## Task statement
Return the data below exactly as given, except for the images.

## Data shown
------------------------------

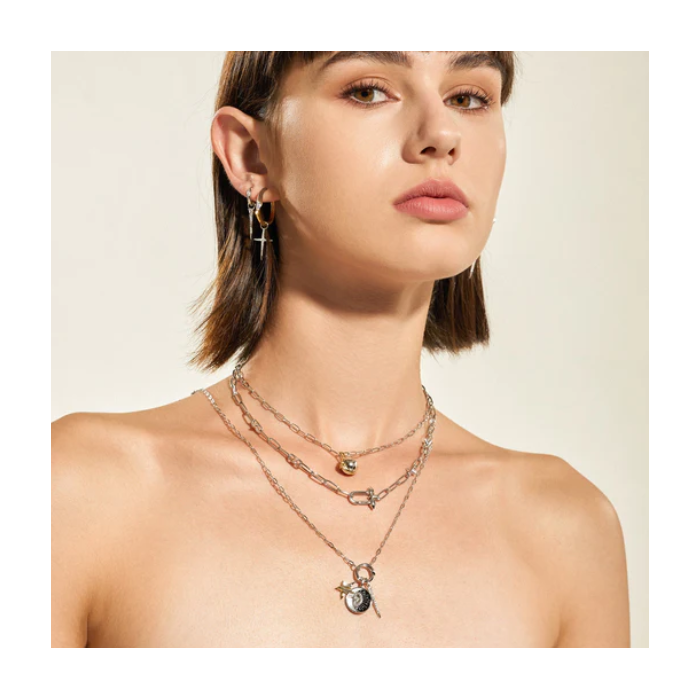 Juweel ANIA HAIE POT CHARMS SPARKLE BAR CHARM NC048-30H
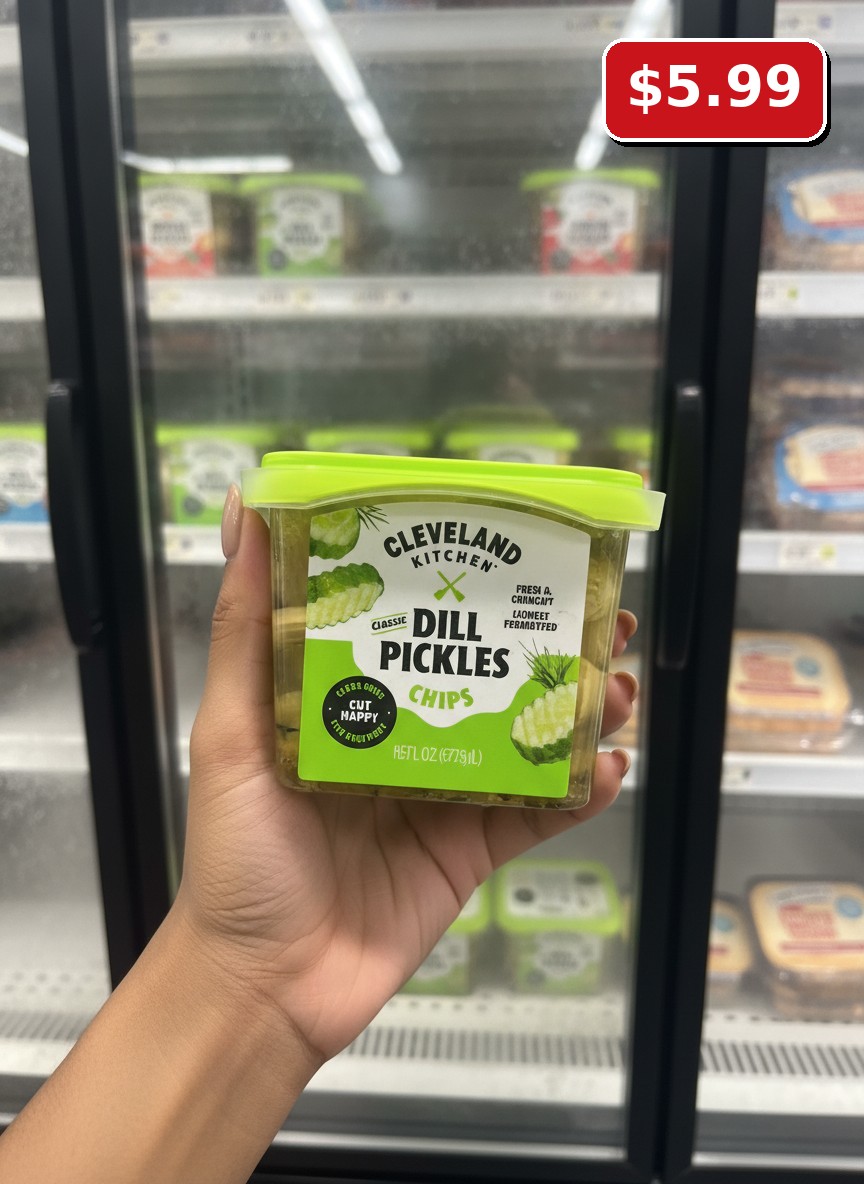 Cleveland Kitchen Classic Dill Pickles Chips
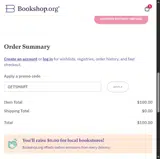 Merriam Webster coupon verification screenshot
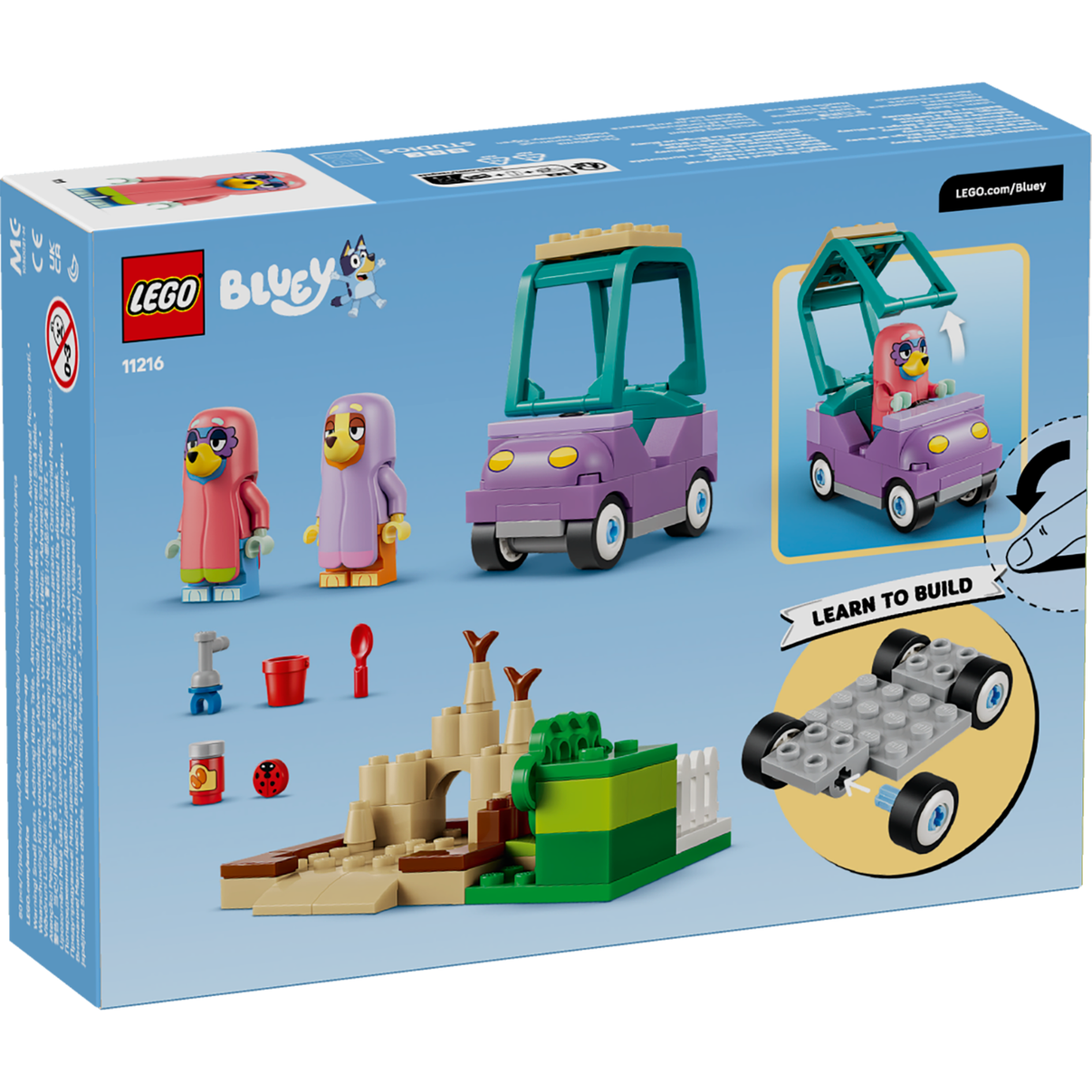 LEGO® Bluey Grannies with Bingo and Bluey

------------------------------

## Task output
 Juweel ANIA HAIE POT CHARMS SPARKLE BAR CHARM NC048-30H
 Cleveland Kitchen Classic Dill Pickles Chips
 Merriam Webster coupon verification screenshot
 LEGO® Bluey Grannies with Bingo and Bluey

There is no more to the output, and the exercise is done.